Predicting Playoff Success

From Alan Ryder’s Ten Laws of Hockey Analytics:

One important warning – do not confuse correlation with causation.  The former is easy to prove, the latter is quite challenging.  For example, carry-in zone entries yield more scoring chances than do dump-in zone entries.  But this could mean that a carry-in is evidence of better neutral zone puck control rather than a cause of better offensive zone puck control.

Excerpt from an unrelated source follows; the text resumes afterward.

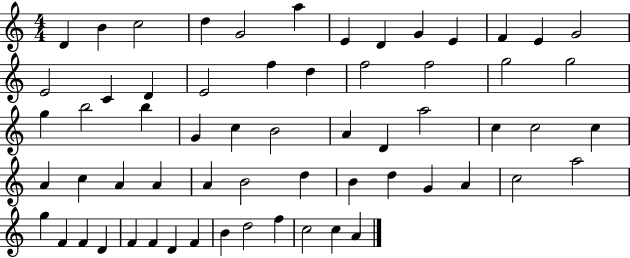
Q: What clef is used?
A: treble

Which of these variables do you think is the best predictor of playoff series winners in the NHL between 1984 and 1990?  In other words, if you were betting on matchups back then and could only look up one stat for each team to influence your decision, which is the one that would most frequently point to the eventual victor?

  1. Goals For
  2. Goals Against
  3. Shot Differential
  4. Team Shooting Percentage
  5. Ratio of Shorthanded Goals For vs. Against

It’s gotta be #3, right, based on what we know about the importance of possession?  Or maybe #1 or #4, since offence had to be important in a league that was wide open and high-scoring?  Or perhaps that old saw about defence winning championships held true, and it was really #2?  The one that seems most out of place is #5, a variable measuring rare events that doesn’t take into account anything that happens during the game’s most frequent and important game situation (even strength).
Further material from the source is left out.